Il grafico indica, peraltro, il percorso - davvero molto tortuoso - che il contribuente deve compiere limitatamente a (solo) due delle definizioni agevolate. Così che ne derivano, immediate, una serie di considerazioni.
La prima è che il sistema tributario italiano è talmente tanto complicato alla radice che, anche quando si vuole fare “pace”, questa si rivela un autentico ginepraio, che poi rischia di alimentare un contenzioso da condoni, già più volte originatosi con le sanatorie del passato. La conferma viene proprio dalle indicazioni delle Entrate dei giorni scorsi, riportate su queste pagine, che non risultano affatto in linea né con il dettato normativo né con la logica, finendo per escludere chi, in realtà, avrebbe pieno titolo per avvalersi della definizione agevolata. Il riferimento, in questo caso, è alle istanze di adesione e ai ricorsi presentati dal 25 ottobre scorso che, secondo le Entrate, risulterebbero ostativi alla definizione agevolata dell’articolo 2 del Dl 119 relativa agli atti di accertamento). E questo, paradossalmente, va contro gli stessi interessi erariali – volti ad ammettere alle sanatorie più soggetti possibile, visto che oramai le sanatorie ci sono - oltre che degli stessi contribuenti che avrebbero i titoli per avvalersene. Si tratta di una “piega” della fiscalità italiana che non è propria soltanto delle sanatorie, ma del sistema tributario in generale: è il fenomeno della cosiddetta «supremazia della prassi», la quale non persegue un obiettivo in particolare, se non quello di affermare la propria, di supremazia.

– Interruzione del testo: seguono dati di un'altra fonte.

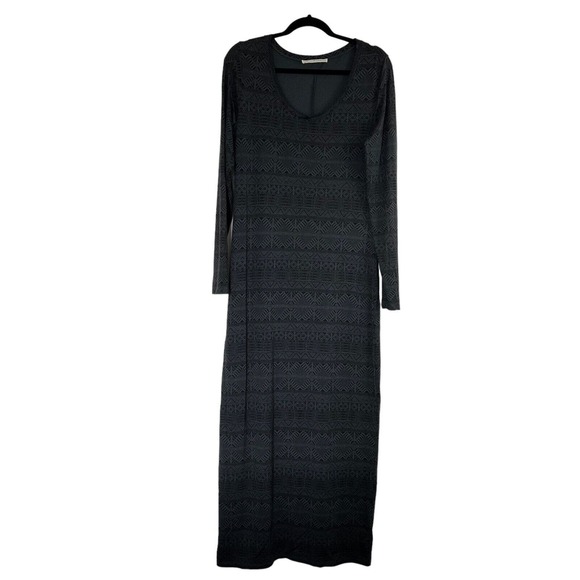 Peruvian Connection Dresses & Skirts - Peruvian Connection Aztec Tribal Print Maxi Dress Pima Cotton Long Sleeves-M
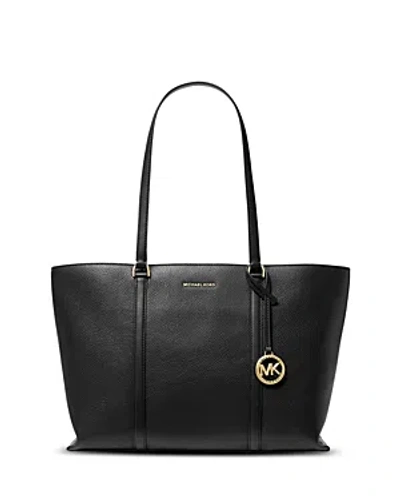 Michael Kors Temple Large Leather Tote In Black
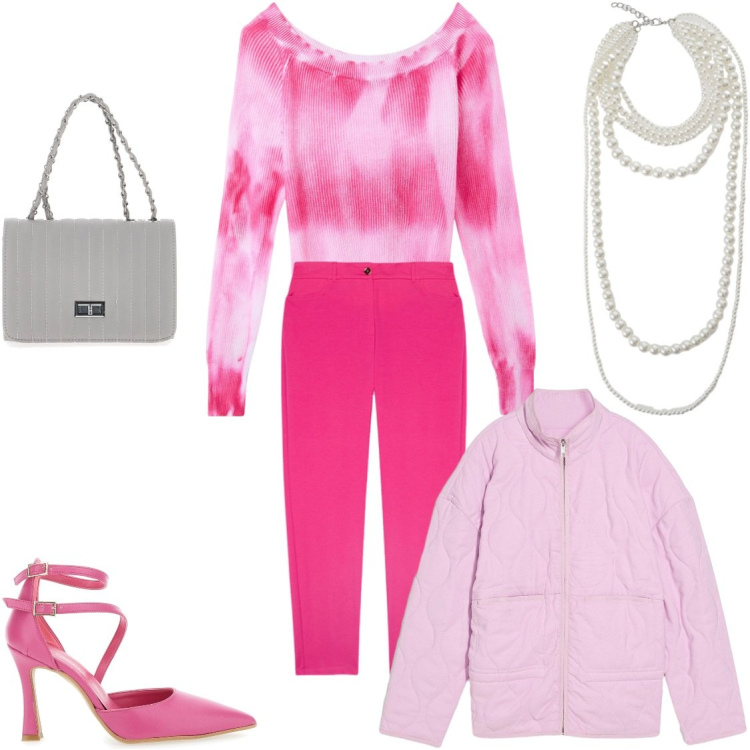 Outfit donna - Rosa glam. Stile Glamour per Serata fuori. Abbinamento con giacche, maglieria, collane, décolleté, borse a tracolla, pantaloni chino.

In sostanza, si è in presenza di un sistema alla radice complicatissimo che risulta funzionale al potere della tecnocrazia, così che questo connubio tra complicazione e tecnocrazia alimenta un vero e proprio labirinto fiscale, come già solo si può comprendere dal grafico riportato in pagina, seppure riguardante una particella davvero minima delle questioni tributarie.
Di conseguenza occorre chiedersi se ha senso prevedere una pace fiscale (o condono o sanatoria che dir si voglia) per poi continuare, come se nulla fosse, una volta spirati i termini per queste nuove definizioni, con un sistema fiscale intricatissimo che, come tale, non può che alimentare, a cadenze cicliche, altre sanatorie o richieste di pacificazione.
Altre volte, in passato, i condoni sono stati giustificati dalla volontà – almeno nelle intenzioni – di riformare anche solamente determinate “branche” del diritto tributario (ad esempio, il contenzioso).
Questa volta, invece, non è accaduto nulla di tutto questo, se non adombrare che le sanatorie hanno come giustificazione quella di fare pagare con quello che si ha ciò che si è dichiarato ma non si è potuto (a suo tempo) pagare. Giustificazione che, per ora, peraltro, non è presente in alcun testo di legge.
Forse è scontato, ma l’augurio è che, dopo questa provvisoria pace, si abbia per davvero (e non con disposizioni di facciata) il coraggio di riformare a 360 gradi il sistema fiscale italiano.
Con un sistema tributario fondato realmente su semplificazione e certezza della pena, non ci sarebbero né appigli per la tecnocrazia né ci sarebbe bisogno di “pacificazione fiscale”.